TASK DIRECTIONS >>
Below are entries. Give back exactly the lines from the one containing "Joan Calabrese White" through the one containing "Natural White Crystal", inclusive, without the pictures.

DATASET CONTENT >>
-.-.-

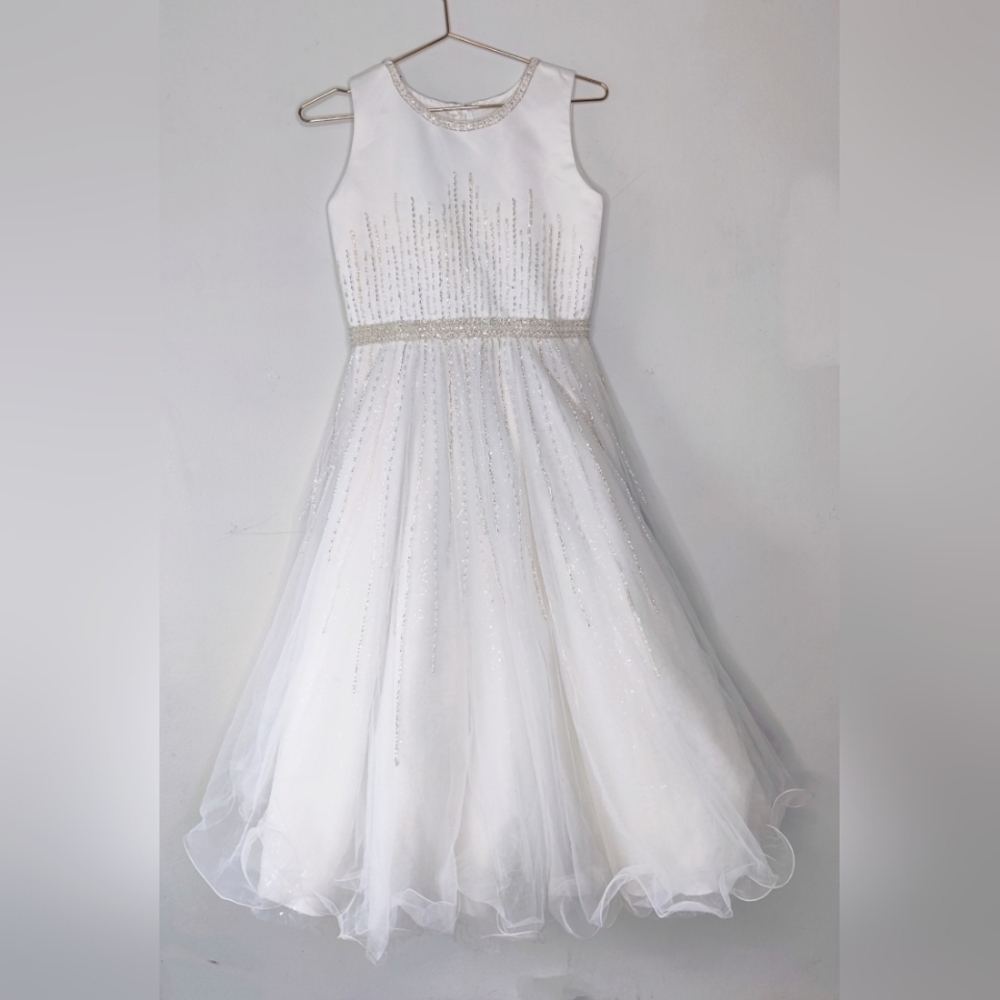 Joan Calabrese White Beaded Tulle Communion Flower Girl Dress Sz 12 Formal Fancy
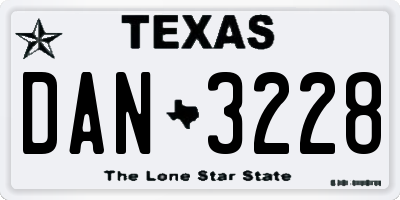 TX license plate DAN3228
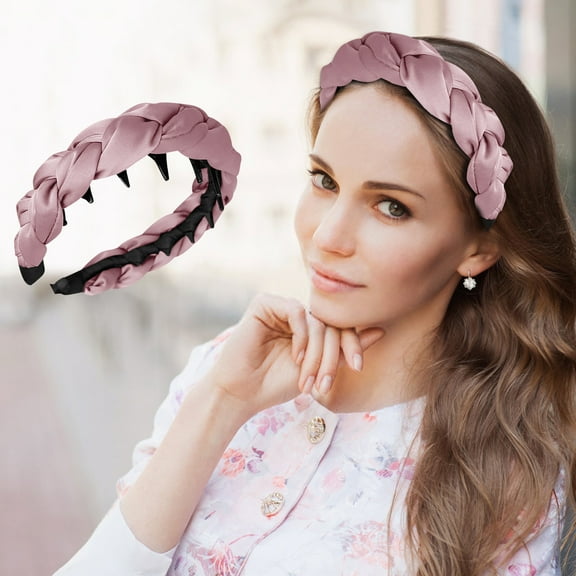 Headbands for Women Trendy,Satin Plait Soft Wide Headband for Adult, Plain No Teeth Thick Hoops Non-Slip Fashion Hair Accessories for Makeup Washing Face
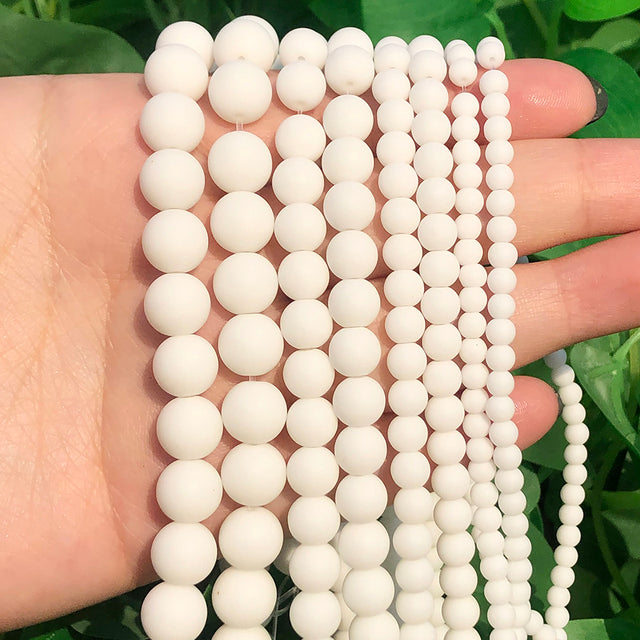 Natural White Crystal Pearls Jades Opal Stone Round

-.-.-

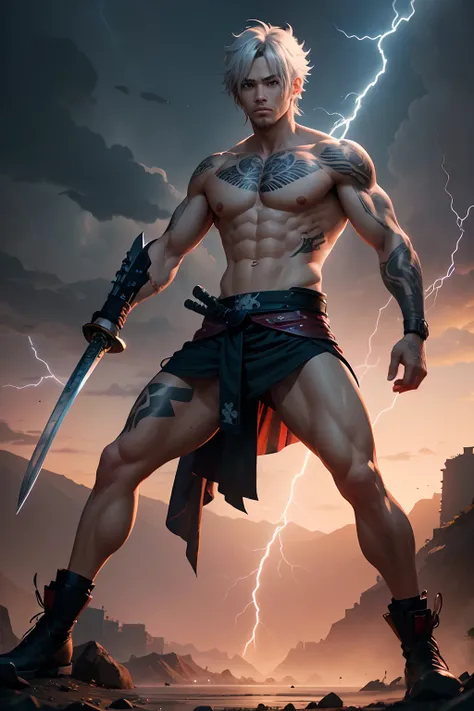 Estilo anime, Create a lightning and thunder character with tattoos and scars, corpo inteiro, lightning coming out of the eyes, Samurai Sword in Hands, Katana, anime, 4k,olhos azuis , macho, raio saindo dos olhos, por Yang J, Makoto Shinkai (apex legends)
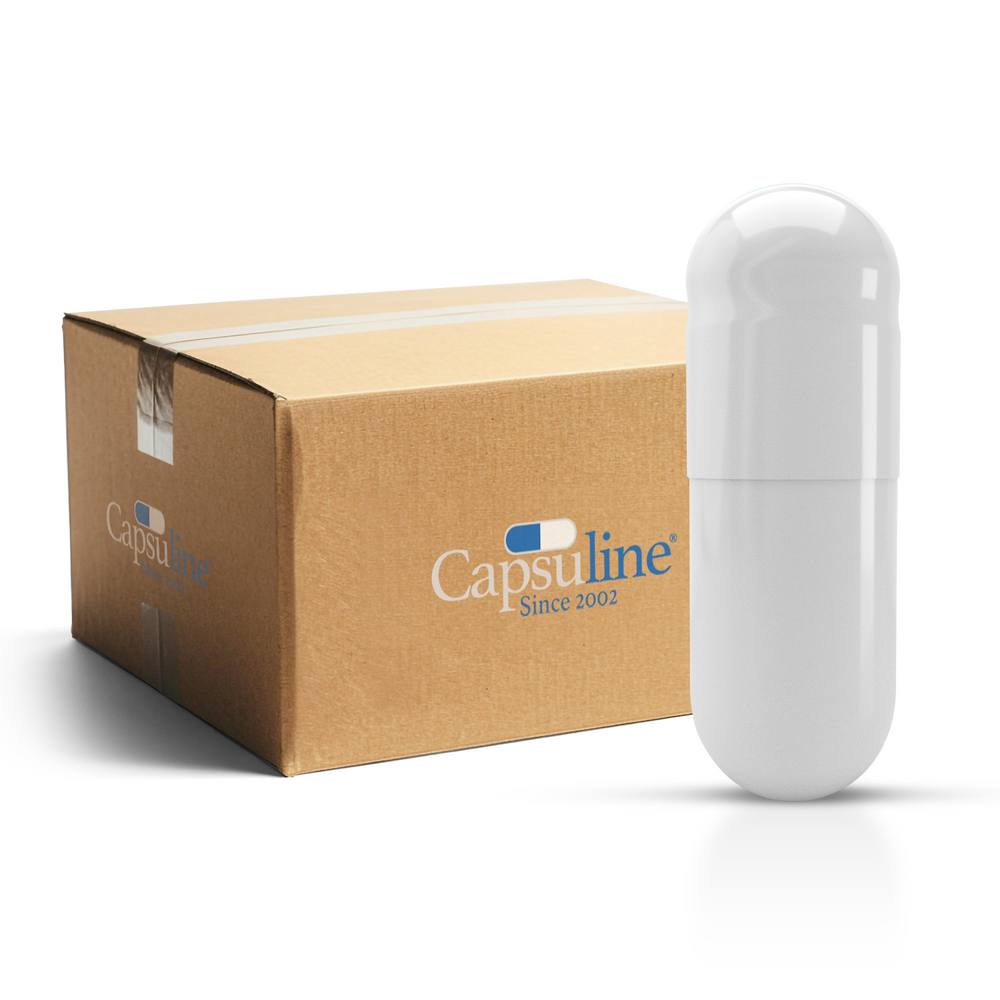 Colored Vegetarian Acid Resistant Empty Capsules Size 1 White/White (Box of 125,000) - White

-.-.-

EXERCISE RESPONSE >>
 Joan Calabrese White Beaded Tulle Communion Flower Girl Dress Sz 12 Formal Fancy
 TX license plate DAN3228
 Headbands for Women Trendy,Satin Plait Soft Wide Headband for Adult, Plain No Teeth Thick Hoops Non-Slip Fashion Hair Accessories for Makeup Washing Face
 Natural White Crystal Pearls Jades Opal Stone Round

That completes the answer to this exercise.